• Assignment: When you reach the line with "Zona Norte Asociación" in the records below, begin transcribing exactly and continue up to and including the line with "水下拍摄的海牛在浅草河流中争夺交配权视频下载", leaving out every picture.

• Recorded information:
==*==

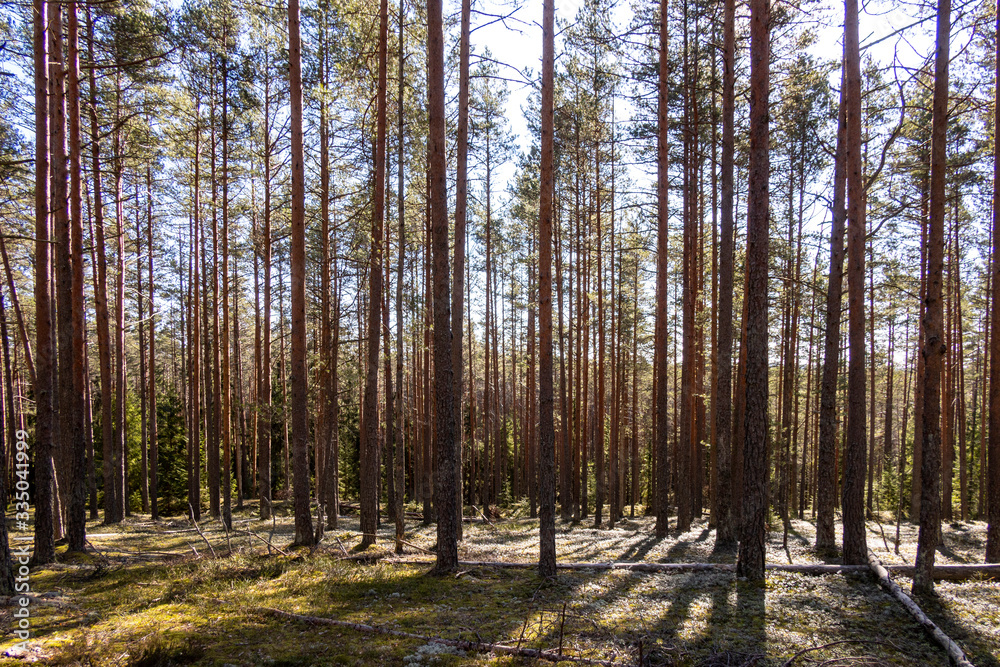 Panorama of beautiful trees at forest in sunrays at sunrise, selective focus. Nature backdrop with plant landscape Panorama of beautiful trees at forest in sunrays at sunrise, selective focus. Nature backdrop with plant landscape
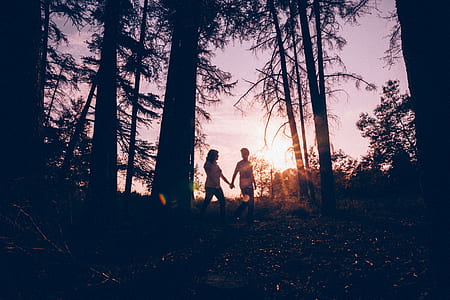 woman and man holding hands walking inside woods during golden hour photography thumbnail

==*==

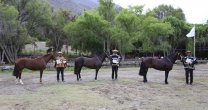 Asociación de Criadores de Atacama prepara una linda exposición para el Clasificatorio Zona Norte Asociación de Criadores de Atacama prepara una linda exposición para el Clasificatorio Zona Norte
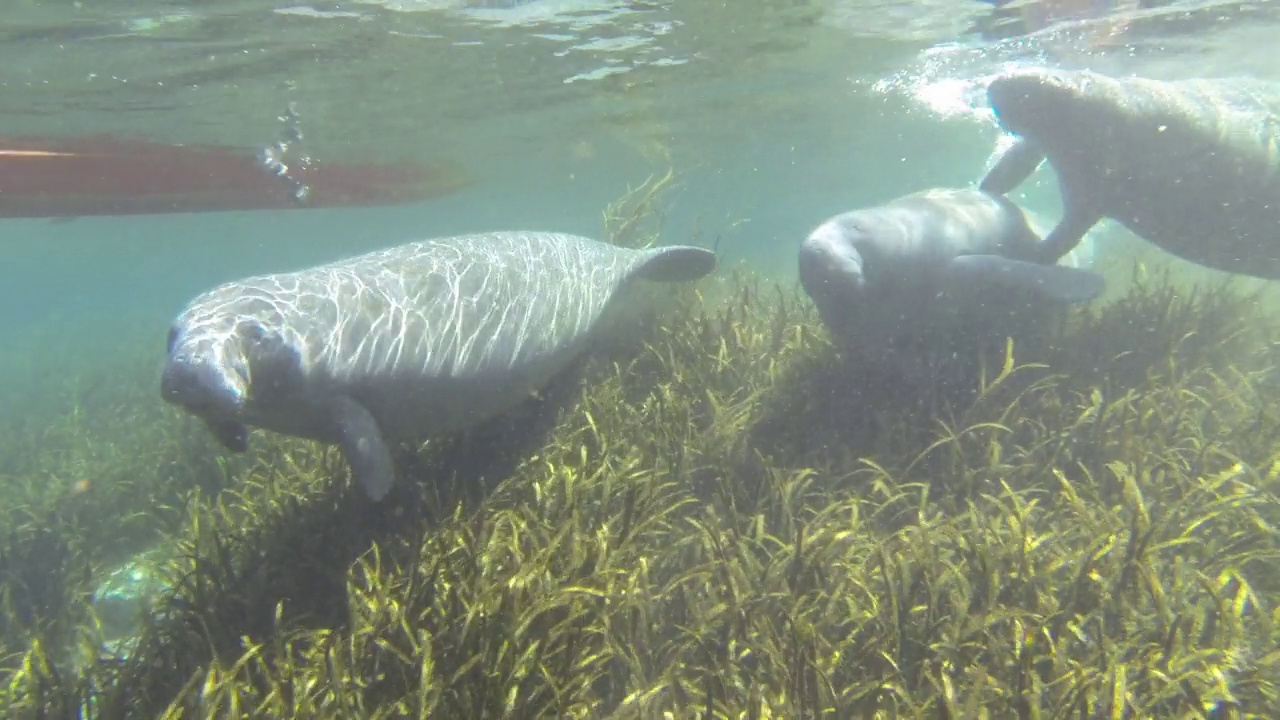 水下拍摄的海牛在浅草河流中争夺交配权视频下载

==*==

• Output for this task:
 Asociación de Criadores de Atacama prepara una linda exposición para el Clasificatorio Zona Norte Asociación de Criadores de Atacama prepara una linda exposición para el Clasificatorio Zona Norte
 水下拍摄的海牛在浅草河流中争夺交配权视频下载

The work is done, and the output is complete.